It had already become clear that his path to war was in jeopardy when, as the G20 meeting concluded, reports emerged that Obama could not build a new coalition of the willing to take immediate military action. The New York Times notes,
"President Obama ran into an impasse on Friday in his bid to rally international backing for a military strike on Syria as world leaders wrapped up a summit meeting...Mr. Obama emerged with a few supporters but no consensus, as other leaders urged him not to attack without United Nations permission...The failure to forge a stronger coalition here in the face of opposition from the Russian host, President Putin, raised the risks even further for Mr. Obama as he headed home to lobby Congress to give him the backing his international peers would not. It also left Mr. Obama in the awkward position of defending his right to take action largely alone if necessary after campaigning against what he portrayed as the unilateralist foreign policy of his predecessor, George W. Bush."I'm struck by the phrase "defending his right to take action". American presidents have repeatedly defended their right to take action (in the name of freedom, democracy and humanitarianism) for the past 100 years -- a catalogue of war and invasion that has killed millions of innocents around the world (and I'm reminded of the 40 year anniversary of the coup in Chile, and of America's participation in that dreadful event). I've yet to note any revulsion or outrage from President Obama over the deaths of innocents from the US drone campaign in Pakistan, Yemen and Somalia; and meanwhile, civilian death tolls continue to mount in Afghanistan and Iraq.
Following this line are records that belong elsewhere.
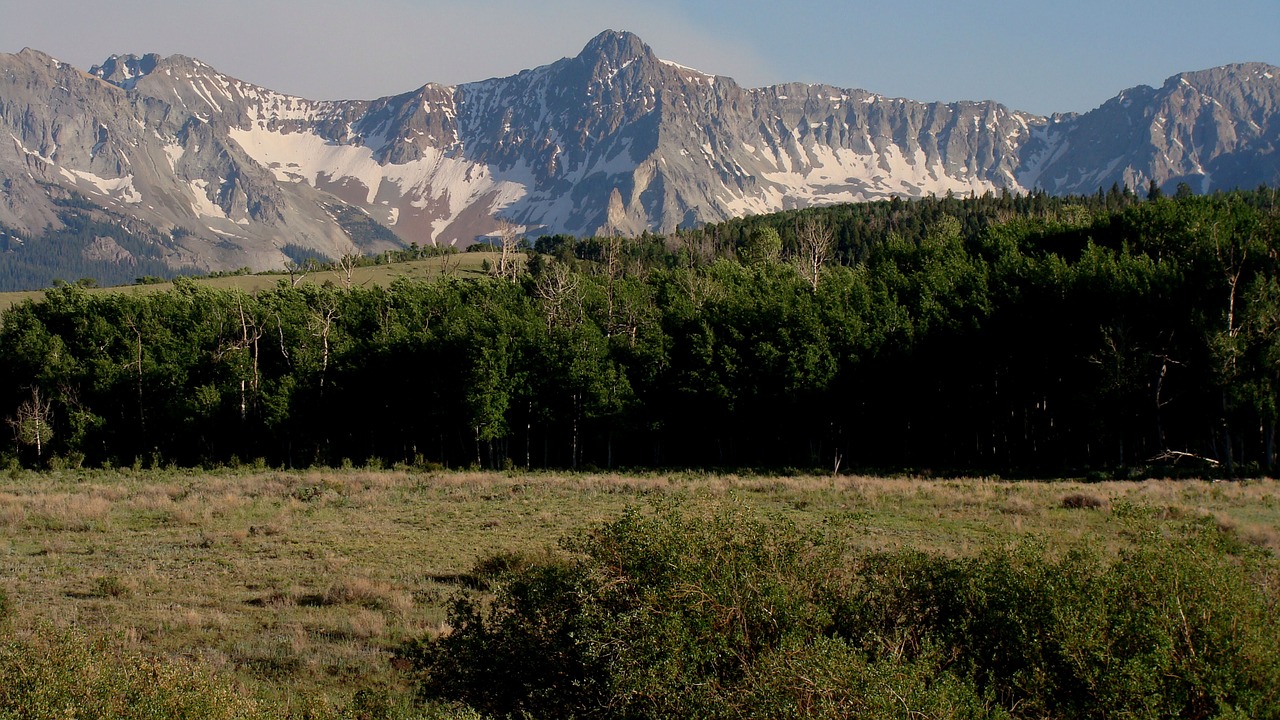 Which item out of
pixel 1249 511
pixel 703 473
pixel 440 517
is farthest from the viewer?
pixel 703 473

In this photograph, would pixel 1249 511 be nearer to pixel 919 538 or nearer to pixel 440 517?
pixel 919 538

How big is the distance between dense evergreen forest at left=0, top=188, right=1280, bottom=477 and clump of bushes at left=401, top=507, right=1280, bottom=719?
42.4m

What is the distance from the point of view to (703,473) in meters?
58.9

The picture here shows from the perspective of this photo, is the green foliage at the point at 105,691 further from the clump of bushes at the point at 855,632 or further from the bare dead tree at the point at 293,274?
the bare dead tree at the point at 293,274

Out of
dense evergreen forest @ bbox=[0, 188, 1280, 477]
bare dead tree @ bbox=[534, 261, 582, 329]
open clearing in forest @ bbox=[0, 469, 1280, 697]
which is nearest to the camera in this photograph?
open clearing in forest @ bbox=[0, 469, 1280, 697]

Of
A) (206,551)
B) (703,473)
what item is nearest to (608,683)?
(206,551)

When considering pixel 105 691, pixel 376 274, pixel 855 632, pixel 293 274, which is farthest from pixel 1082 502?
pixel 376 274

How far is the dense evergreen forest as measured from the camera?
56500 mm

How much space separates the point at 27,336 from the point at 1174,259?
80296 mm

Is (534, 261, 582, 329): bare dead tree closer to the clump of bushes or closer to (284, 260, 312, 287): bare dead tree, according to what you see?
(284, 260, 312, 287): bare dead tree

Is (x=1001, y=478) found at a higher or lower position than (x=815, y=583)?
lower

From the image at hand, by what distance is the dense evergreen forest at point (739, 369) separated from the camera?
185 feet

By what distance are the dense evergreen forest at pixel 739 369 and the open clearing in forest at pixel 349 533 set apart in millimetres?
10998

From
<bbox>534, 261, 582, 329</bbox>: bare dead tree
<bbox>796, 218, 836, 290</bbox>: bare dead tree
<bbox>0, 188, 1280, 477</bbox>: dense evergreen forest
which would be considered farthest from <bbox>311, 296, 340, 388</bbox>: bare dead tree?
<bbox>796, 218, 836, 290</bbox>: bare dead tree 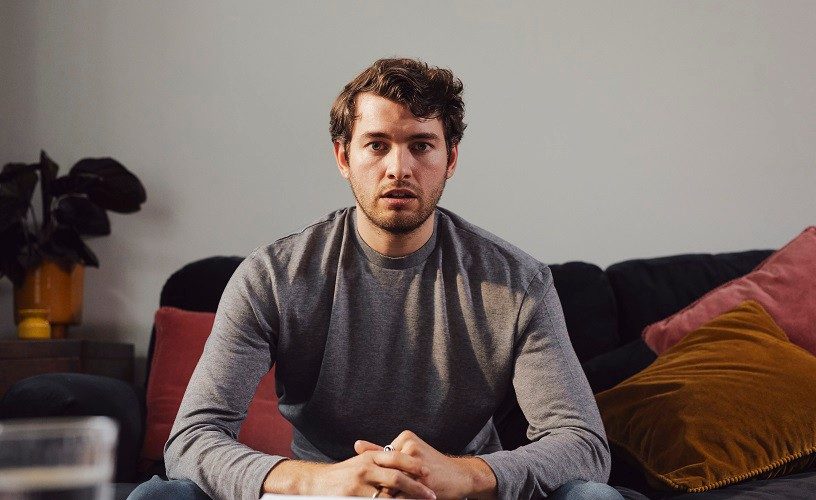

President Obama's point man on the Syrian issue is none other than Secretary of State John Kerry, a man who proved his own enthusiasm for the killing of innocents in Vietnam. Kerry has elevated the discourse in the usual way, by claiming that Syria's Assad is the reincarnation of Sadam Husein and Adolf Hitler (it is always useful to draw upon the spectre of Nazism, just as George Bush did when he likened Sadam to Hitler in the run-up to the US invasion of Iraq, before ultimately executing him). Now Secretary Kerry warns us,
"This is no time to be silent spectators to slaughter...this is not the time to allow a dictator unfettered use of some of the most heinous weapons on earth."This is, of course, a tactic applied by every US administration since 1940 -- direct a righteous indignation and horror at the acts of others, acts that pale in comparison to those routinely perpetrated by America or its surrogates (see John Pilger's excellent summary of some of the worst American atrocities committed in the last century, and see also this excellent commentary on America's utter hypocrisy regarding the use of chemical weapons). And it's always important to justify any action as being vital to American security, just as its useful to minimize any foreseeable difficulties (reminiscent of the "cakewalk" that was supposed to be Iraq). This is, in fact, exactly the messaging from Secretary Kerry, as reported recently by The Guardian,
Kerry insisted that intervention in Syria was vital to American security. He sought to assuage concerns that it could lead to a lengthy and difficult campaign by saying that any military action would be "targeted and limited but clear and effective" and would not involve "boots on the ground." He said: "We are not talking about going to war, this is not Iraq and it's not Afghanistan. It's not even Libya or Kosovo."You've got to admire the man's deadpan chutzpah: "It's not even Libya or Kosovo." We can only hope so, since the number of dead in Libya has been variously estimated in the tens of thousands, as The Guardian noted at the time,
What is now known...is that while the death toll in Libya when Nato intervened was perhaps around 1,000 - 2,000 (judging by UN estimates), eight months later it is probably more than ten times that figure. Estimates of the numbers of dead over the last eight months -- as Nato leaders vetoed ceasefires and negotiations -- range from 10,000 up to 50,000. The National Transition Council puts the losses at 30,000 dead and 50,000 wounded... Of those, uncounted thousands will be civilians, including those killed by Nato bombing and Nato-backed forces on the ground. The figures dwarf the death tolls in this year's most bloody Arab uprisings, in Syria and Yemen. Nato has not protected civilians in Libya -- it has multiplied the number of deaths, while losing not a single soldier of its own.The results of Western humanitarian (read: military) intervention in Kosovo likewise fails to inspire confidence as we await the first of the "targeted" American strikes in Syria. Human Rights Watch reported in 2000 that the Yugoslav government claimed that NATO was responsible for at least 1,200 and as many as 5,000 civilian deaths. HRW also noted that,
"Once it made the decision to attack Yugoslavia, NATO should have done more to protect civilians. All too often, NATO targeting subjected the civilian population to unacceptable risks."The salient point that emerges from any review of past American humanitarian (read: military) interventions is this -- the very civilians (supposedly) desperate for aid and longing for freedom were generally among the first to die from its application, and in disproportionate numbers. And when the bombing begins, the humanitarian (read: military) forces typically refuse to acknowledge the resulting civilian deaths, though, when forced to, always respond with the same vacuous phrasing -- "we deeply, deeply regret any loss of innocent life". Appropriate, then, that the Nuremberg Tribunal declared aggressive war the ultimate war crime, since all other atrocities (chief among them, civilian casualties) flow from it.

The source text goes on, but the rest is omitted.